── EXERCISE DATA ──

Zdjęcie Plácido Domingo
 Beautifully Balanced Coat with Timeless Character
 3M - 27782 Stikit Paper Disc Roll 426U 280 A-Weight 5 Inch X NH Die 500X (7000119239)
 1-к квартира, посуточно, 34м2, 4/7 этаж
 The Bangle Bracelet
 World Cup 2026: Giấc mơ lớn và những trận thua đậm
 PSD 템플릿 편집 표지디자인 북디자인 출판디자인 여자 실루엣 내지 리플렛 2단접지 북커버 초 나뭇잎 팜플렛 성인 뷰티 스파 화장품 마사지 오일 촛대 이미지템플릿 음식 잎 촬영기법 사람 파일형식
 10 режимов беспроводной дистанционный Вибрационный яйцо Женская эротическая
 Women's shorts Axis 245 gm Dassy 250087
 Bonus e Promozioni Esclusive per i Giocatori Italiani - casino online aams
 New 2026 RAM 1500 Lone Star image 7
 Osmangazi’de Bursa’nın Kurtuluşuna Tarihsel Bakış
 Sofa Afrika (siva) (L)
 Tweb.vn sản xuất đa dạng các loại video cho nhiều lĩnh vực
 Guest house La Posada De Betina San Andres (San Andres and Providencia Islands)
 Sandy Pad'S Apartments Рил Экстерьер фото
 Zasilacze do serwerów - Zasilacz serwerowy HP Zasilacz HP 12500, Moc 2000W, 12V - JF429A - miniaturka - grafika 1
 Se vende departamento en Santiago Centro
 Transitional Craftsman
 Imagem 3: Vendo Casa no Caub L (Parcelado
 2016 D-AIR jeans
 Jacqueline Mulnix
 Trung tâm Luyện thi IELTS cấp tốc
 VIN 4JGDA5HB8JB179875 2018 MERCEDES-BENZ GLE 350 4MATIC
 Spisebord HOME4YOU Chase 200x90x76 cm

───

§ TASK BRIEF
When the entries above are retyped, each line must stay exactly as it is.

§ YOUR RESPONSE
Zdjęcie Plácido Domingo
 Beautifully Balanced Coat with Timeless Character
 3M - 27782 Stikit Paper Disc Roll 426U 280 A-Weight 5 Inch X NH Die 500X (7000119239)
 1-к квартира, посуточно, 34м2, 4/7 этаж
 The Bangle Bracelet
 World Cup 2026: Giấc mơ lớn và những trận thua đậm
 PSD 템플릿 편집 표지디자인 북디자인 출판디자인 여자 실루엣 내지 리플렛 2단접지 북커버 초 나뭇잎 팜플렛 성인 뷰티 스파 화장품 마사지 오일 촛대 이미지템플릿 음식 잎 촬영기법 사람 파일형식
 10 режимов беспроводной дистанционный Вибрационный яйцо Женская эротическая
 Women's shorts Axis 245 gm Dassy 250087
 Bonus e Promozioni Esclusive per i Giocatori Italiani - casino online aams
 New 2026 RAM 1500 Lone Star image 7
 Osmangazi’de Bursa’nın Kurtuluşuna Tarihsel Bakış
 Sofa Afrika (siva) (L)
 Tweb.vn sản xuất đa dạng các loại video cho nhiều lĩnh vực
 Guest house La Posada De Betina San Andres (San Andres and Providencia Islands)
 Sandy Pad'S Apartments Рил Экстерьер фото
 Zasilacze do serwerów - Zasilacz serwerowy HP Zasilacz HP 12500, Moc 2000W, 12V - JF429A - miniaturka - grafika 1
 Se vende departamento en Santiago Centro
 Transitional Craftsman
 Imagem 3: Vendo Casa no Caub L (Parcelado
 2016 D-AIR jeans
 Jacqueline Mulnix
 Trung tâm Luyện thi IELTS cấp tốc
 VIN 4JGDA5HB8JB179875 2018 MERCEDES-BENZ GLE 350 4MATIC
 Spisebord HOME4YOU Chase 200x90x76 cm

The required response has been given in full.